Dita Auliya Khoirunnisa merupakan salah satu mahasiswa Biologi Universitas Padjadjaran angkatan tahun 2021 yang terpilih sebagai perwakilan untuk mengikuti Sakura Science Project pada tahun 2023. Tidak hanya dirinya sendiri, Dita juga berhasil terpilih bersama tiga mahasiswa Biologi Unpad lainnya, yaitu Queentha Ditasari Simandjuntak, Viola Sukma Aswanda, dan Tegar Prakasa Abdillah Arif. Program student exchange ini dilaksanakan atas kerjasama Departemen Biologi Universitas Padjadjaran dengan School of Science and Technology (Kwansei Gakuin University). Program ini dilakukan setiap tahun selama satu minggu dimana mahasiswa biologi akan melakukan kegiatan perkuliahan, sampling lapangan, praktikum di laboratorium, group discussion, presentation, dan art performance di School of Science and Technology (Kwansei Gakuin University).
Alasan awal yang menjadi motivasi Dita untuk serius mengikuti program ini adalah keinginannya untuk mencari pengalaman khususnya dalam hal student exchange ke negara lain. Di samping itu, ia merasa bahwa dalam kesempatan ini ia akan mendapatkan banyak keuntungan selain dari pengalaman berkuliah di luar negeri, ia juga dapat sekaligus berjalan-jalan di negara lain. Dita juga turut menuturkan dengan ia mengikuti program ini dapat menjadi salah satu sarana baginya untuk mempelajari bahasa asing khususnya Bahasa Inggris, sehingga dapat dikatakan sekali mendayung dua tiga pulau terlampaui.

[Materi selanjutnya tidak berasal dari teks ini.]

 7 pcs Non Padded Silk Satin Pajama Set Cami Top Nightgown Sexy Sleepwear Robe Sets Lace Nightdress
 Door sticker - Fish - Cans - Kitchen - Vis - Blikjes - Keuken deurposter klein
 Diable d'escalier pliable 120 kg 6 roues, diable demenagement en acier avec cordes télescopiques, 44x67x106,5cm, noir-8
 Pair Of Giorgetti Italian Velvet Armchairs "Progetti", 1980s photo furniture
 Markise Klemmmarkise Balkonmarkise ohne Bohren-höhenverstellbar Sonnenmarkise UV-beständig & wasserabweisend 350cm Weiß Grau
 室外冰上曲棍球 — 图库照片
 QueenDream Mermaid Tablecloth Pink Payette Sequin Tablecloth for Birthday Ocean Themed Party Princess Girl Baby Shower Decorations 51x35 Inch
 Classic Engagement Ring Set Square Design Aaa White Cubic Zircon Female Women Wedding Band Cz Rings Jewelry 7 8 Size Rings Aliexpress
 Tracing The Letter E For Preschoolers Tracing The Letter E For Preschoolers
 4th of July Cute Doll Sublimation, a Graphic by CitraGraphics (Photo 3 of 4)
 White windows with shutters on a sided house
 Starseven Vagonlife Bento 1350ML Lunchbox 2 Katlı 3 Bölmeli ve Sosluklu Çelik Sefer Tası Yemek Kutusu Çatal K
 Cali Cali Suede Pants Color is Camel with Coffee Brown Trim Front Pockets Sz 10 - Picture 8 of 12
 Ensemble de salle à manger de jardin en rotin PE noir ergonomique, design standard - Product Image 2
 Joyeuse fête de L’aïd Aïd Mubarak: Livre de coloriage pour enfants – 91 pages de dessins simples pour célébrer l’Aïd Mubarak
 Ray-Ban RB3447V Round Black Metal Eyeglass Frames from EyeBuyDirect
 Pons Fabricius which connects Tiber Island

Untuk mendaftar pada program Sakura Science Project ini diperlukan beberapa persyaratan yang perlu dipersiapkan. Beberapa persyaratan utama yang harus disiapkan diantaranya adalah CV, sertifikat tes Bahasa Inggris (seperti TOEFL atau TKBI) dan motivation letter. Dita turut memberikan beberapa tips dalam menulis dan menyusun motivation letter berlandaskan pada pengalaman pribadinya. Pertama, ia mengatakan hal yang paling penting dan mendasar adalah mencari referensi. Ia juga mengatakan, bahwa selama proses penyusunan motivation letter ia menjadikan motivation letter awardee program Sakura Science Project sebelumnya sebagai referensi terutama untuk melihat struktur penulisannya. Setelah mendapatkan referensi, hal selanjutnya yang harus dilakukan adalah menggali dan mengembangkan potensi diri yang akan ditunjukkan kepada tim penilai dalam bentuk tulisan yang dituangkan dalam motivation letter tersebut.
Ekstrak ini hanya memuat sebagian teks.